WORK TO BE COMPLETED: Your task is to give the number of lines below that contain "Casa". Give no other text.

(Collection entries)
-=-=-

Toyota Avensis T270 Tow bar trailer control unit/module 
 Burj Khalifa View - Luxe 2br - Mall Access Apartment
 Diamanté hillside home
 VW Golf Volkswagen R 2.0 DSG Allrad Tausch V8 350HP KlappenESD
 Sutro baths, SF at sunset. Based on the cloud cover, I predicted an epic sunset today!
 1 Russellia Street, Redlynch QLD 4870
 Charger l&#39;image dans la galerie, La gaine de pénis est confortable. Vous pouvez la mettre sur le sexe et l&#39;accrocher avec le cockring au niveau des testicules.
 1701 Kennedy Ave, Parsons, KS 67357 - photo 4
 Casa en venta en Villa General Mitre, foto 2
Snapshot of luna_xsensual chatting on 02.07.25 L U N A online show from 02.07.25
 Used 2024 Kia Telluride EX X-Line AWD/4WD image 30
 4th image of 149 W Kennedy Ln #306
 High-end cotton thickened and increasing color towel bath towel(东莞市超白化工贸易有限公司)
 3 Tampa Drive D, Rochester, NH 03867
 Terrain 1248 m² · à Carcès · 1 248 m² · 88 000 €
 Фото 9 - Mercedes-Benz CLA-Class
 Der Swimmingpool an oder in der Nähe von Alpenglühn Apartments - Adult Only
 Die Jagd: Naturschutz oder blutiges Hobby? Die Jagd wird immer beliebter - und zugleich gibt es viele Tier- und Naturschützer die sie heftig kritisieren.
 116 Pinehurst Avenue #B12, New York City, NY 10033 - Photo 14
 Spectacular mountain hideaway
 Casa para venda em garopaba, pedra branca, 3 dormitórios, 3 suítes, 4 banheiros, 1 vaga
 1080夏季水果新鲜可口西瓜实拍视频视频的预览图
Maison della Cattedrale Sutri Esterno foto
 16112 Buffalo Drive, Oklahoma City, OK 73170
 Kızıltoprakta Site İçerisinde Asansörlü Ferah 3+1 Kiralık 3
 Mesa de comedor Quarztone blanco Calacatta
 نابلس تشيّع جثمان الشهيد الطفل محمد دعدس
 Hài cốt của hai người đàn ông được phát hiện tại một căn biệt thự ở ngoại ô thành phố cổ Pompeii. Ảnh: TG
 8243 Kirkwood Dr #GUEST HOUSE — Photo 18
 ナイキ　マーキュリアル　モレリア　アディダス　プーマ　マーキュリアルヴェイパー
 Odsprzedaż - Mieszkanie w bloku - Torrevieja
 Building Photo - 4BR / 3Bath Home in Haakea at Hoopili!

-=-=-

RESPONSE: 2